Mark an action as completed
AI agents use complete_action to create or update resources in Exponential MCP — usually the action step of a workflow, after the agent has gathered context. Every call changes real data in your Exponential MCP environment.
This tool modifies data (marking an action's completion status) in a reversible manner—the action's completed status can presumably be toggled or updated back to incomplete. It does not delete data irreversibly (Destructive), execute arbitrary code (Execute), nor involve financial transactions (Financial). While it creates a side effect, it is a standard Write operation typical of project management tools.
From the tool's definition Tool name 'complete_action' and description 'Mark an action as completed' indicate a state-change operation on an action object within the Exponential workspace.
Attacks that exploit this kind of access
Mark an action as completed. It is categorised as a Write tool in the Exponential MCP MCP Server, which means it can create or modify data. Consider rate limits to prevent runaway writes.
Register the Exponential MCP server in PolicyLayer and add a rule for complete_action: allow, deny, rate-limit, or require approval. Point your MCP client at the PolicyLayer proxy URL and the rule is enforced on every call, before it reaches Exponential MCP. Nothing to install.
complete_action is a Write tool with medium risk. Write tools should be rate-limited to prevent accidental bulk modifications.
Yes. Add a rate_limit block to the complete_action rule in your PolicyLayer policy. For example, setting max: 10 and window: 60 limits the tool to 10 calls per minute. Rate limits are tracked per agent session and reset automatically.

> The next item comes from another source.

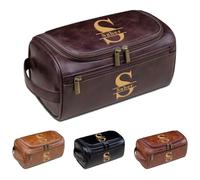 Trousse de toilette personnalisée en cuir - Trousse de toilette personnalisée pour homme, cadeau pour marié, mari, papa, grand-père, anniversaire, mariage, Noël, Café noir, Taille unique, Trousse de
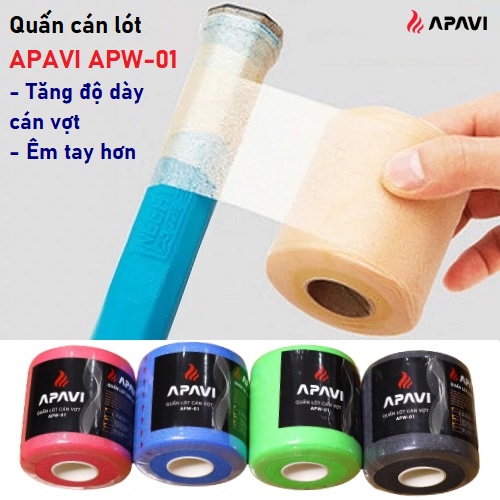 Quấn cán lót APAVI, cuốn cốt cán vợt cầu lông, Mỏng mềm mại, gia tăng độ Êm, thoáng khí, tăng độ bền cán vợt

Set action: deny in the PolicyLayer policy for complete_action. The AI agent will receive a policy violation error and cannot call the tool. You can also include a reason field to explain why the tool is blocked.
complete_action is provided by the Exponential MCP server (positonic/exponential-mcp). PolicyLayer sits as a proxy in front of this server to enforce policies before tool calls reach the server.
Every MCP server has a record like this.
Type a name, get the same breakdown: verified identity, auth posture, risk grade, capabilities, recommended policy.